■ **WHAT YOU SHOULD DO**: Restate word for word every entry that appears below, skipping its pictures.

(Short descriptive text snippets)
Segment Open

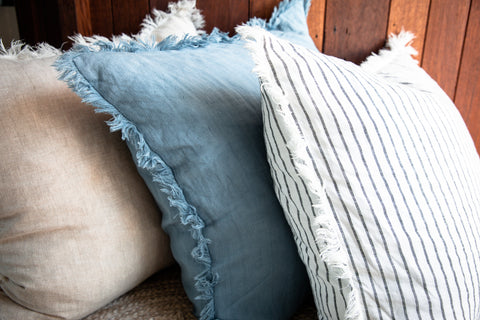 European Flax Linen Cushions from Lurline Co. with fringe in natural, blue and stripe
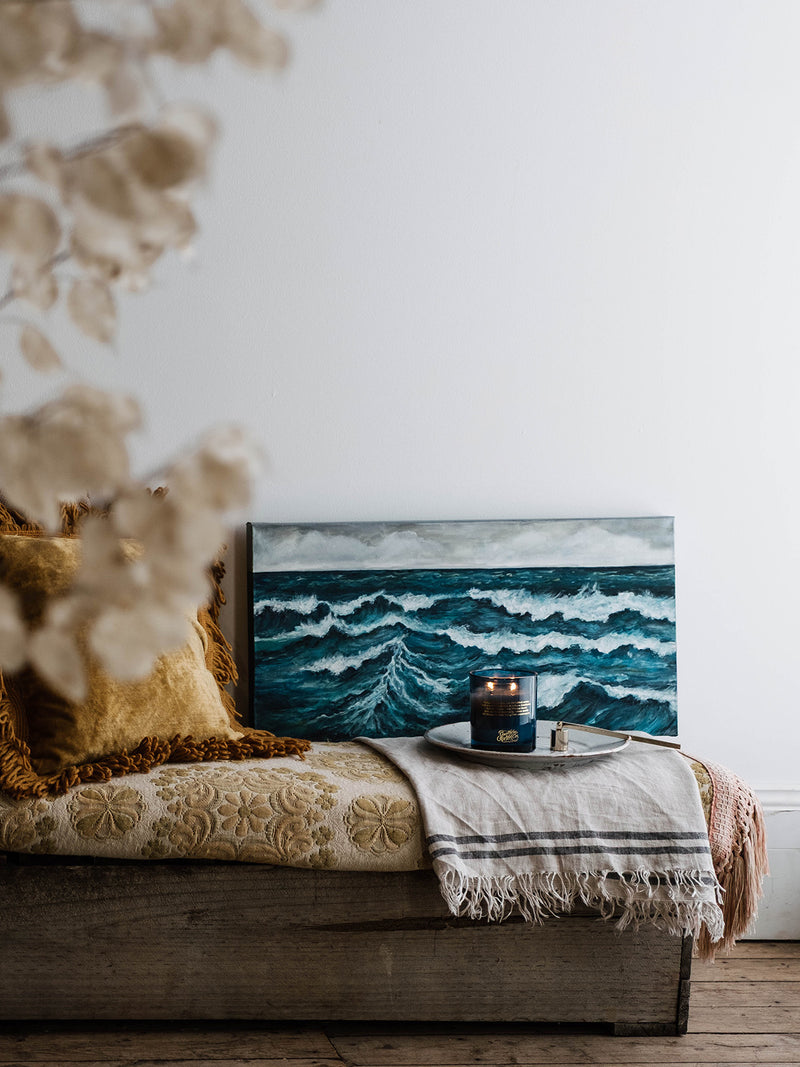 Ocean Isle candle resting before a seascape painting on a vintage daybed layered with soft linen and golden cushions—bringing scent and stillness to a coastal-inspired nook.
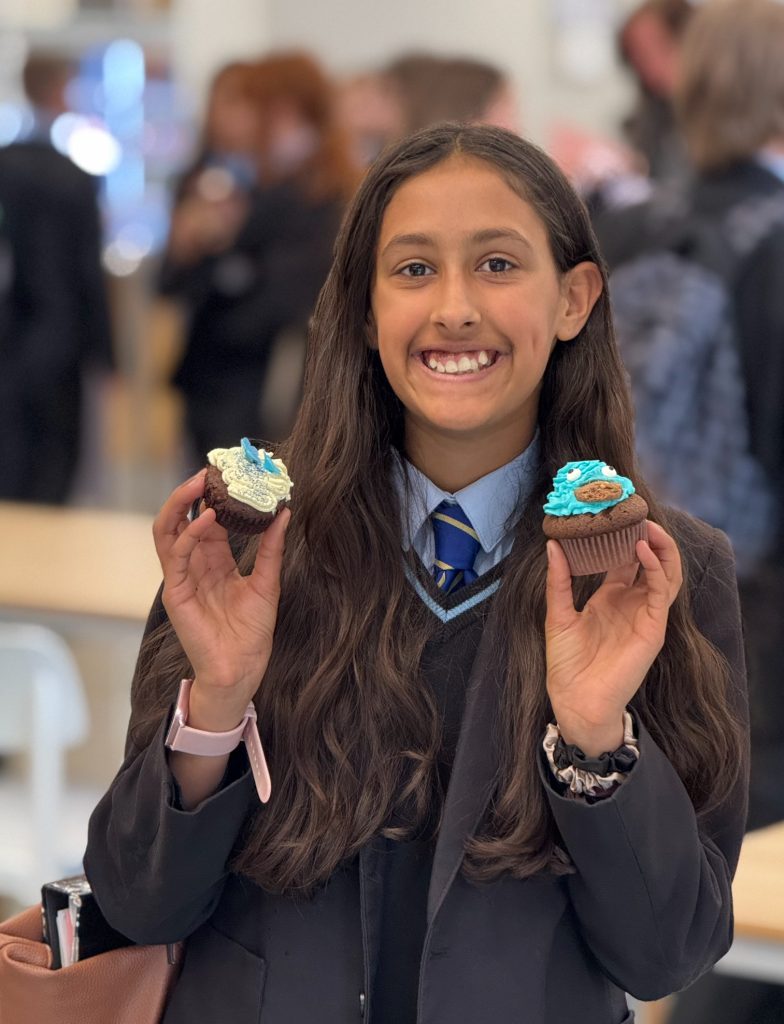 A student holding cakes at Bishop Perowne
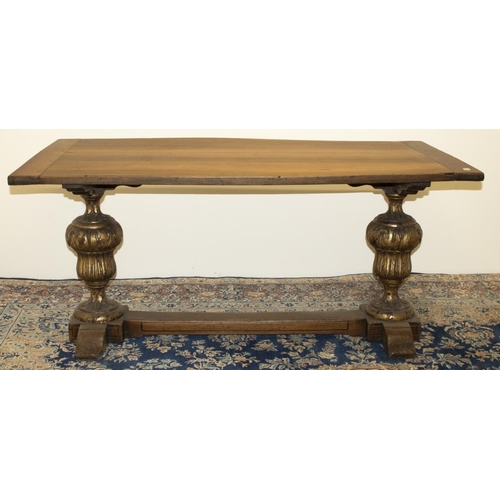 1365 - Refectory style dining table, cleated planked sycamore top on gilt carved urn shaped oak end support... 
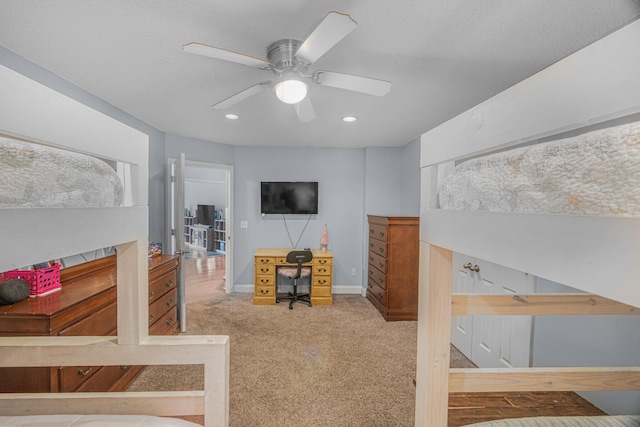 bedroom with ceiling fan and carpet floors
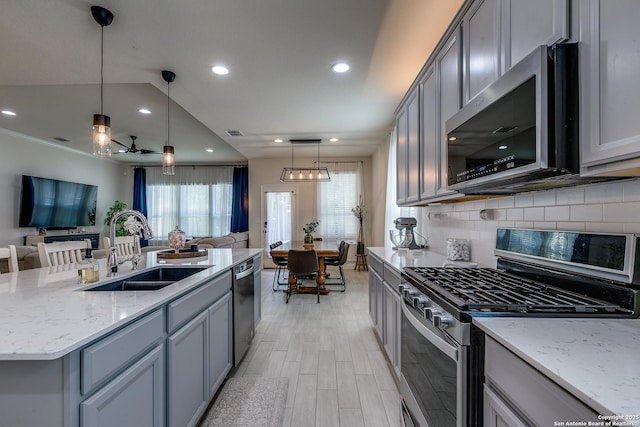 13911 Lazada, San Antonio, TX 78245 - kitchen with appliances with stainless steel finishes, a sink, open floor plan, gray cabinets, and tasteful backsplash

Segment Closed

■ **ANSWER TO THE EXERCISE**:
 European Flax Linen Cushions from Lurline Co. with fringe in natural, blue and stripe
 Ocean Isle candle resting before a seascape painting on a vintage daybed layered with soft linen and golden cushions—bringing scent and stillness to a coastal-inspired nook.
 A student holding cakes at Bishop Perowne
 1365 - Refectory style dining table, cleated planked sycamore top on gilt carved urn shaped oak end support... 
 bedroom with ceiling fan and carpet floors
 13911 Lazada, San Antonio, TX 78245 - kitchen with appliances with stainless steel finishes, a sink, open floor plan, gray cabinets, and tasteful backsplash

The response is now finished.